According to pharmacodynamic studies, the concentration of MAC decreases after the end of the product infusion, then gradually increases and reaches its maximum at the end of the dosing interval, which confirms the pathophysiological activity of the medicinal product [23].

The overall safety profile of the Biosimilar was consistent with that of the Originator, and no cases of meningococcal or other severe infection or unexpected ADRs were reported. The proportion of patients with registered ADRs and the dynamics of laboratory and instrumental examination data in both treatment groups were comparable. New cases of ADA formation were not registered during the study, which indicates the absence of significant differences in safety parameters and is consistent with similar studies of biosimilars [24].

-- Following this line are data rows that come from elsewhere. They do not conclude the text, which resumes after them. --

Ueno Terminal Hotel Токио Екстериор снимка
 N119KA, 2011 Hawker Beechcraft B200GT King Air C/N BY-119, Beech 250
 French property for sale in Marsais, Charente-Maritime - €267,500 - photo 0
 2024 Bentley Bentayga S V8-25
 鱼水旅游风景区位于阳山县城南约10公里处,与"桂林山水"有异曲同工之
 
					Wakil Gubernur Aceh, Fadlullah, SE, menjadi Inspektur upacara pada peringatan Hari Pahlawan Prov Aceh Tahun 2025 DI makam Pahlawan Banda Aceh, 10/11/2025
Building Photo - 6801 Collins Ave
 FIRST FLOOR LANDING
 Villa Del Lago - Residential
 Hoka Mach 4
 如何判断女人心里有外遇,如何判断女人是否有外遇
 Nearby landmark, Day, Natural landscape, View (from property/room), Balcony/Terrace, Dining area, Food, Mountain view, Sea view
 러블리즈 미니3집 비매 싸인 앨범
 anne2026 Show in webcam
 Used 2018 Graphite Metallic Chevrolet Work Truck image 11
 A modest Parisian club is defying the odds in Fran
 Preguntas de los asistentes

The main limitation of the clinical study was the low number of PNH patients, as well as the orphan status of eculizumab, which complicates the formation of a comparison group. These limitations influenced the choice of study design, efficacy endpoints, and sample size.

The use of a noninferiority design was justified by the fact that no substantial and clinically significant excess of efficacy was expected for the Biosimilar compared to the Originator when using the same regimen since the clinical efficacy of eculizumab is primarily determined by the minimum concentration sufficient to inhibit the activity of the terminal complement complex. According to the results of clinical studies of the Originator, this value in PNH patients is about 35 μg/mL [16, 24]. The noninferiority design is often used in comparative studies of biosimilars as well [25].

Thus, long-term use of eculizumab Biosimilar leads to successful inhibition of the complement hemolytic activity in PNH patients. The assessment of the efficacy and safety of the Biosimilar showed no less efficacy and comparability in terms of safety with the Originator, which is necessary to confirm its biosimilarity to the original medicinal product.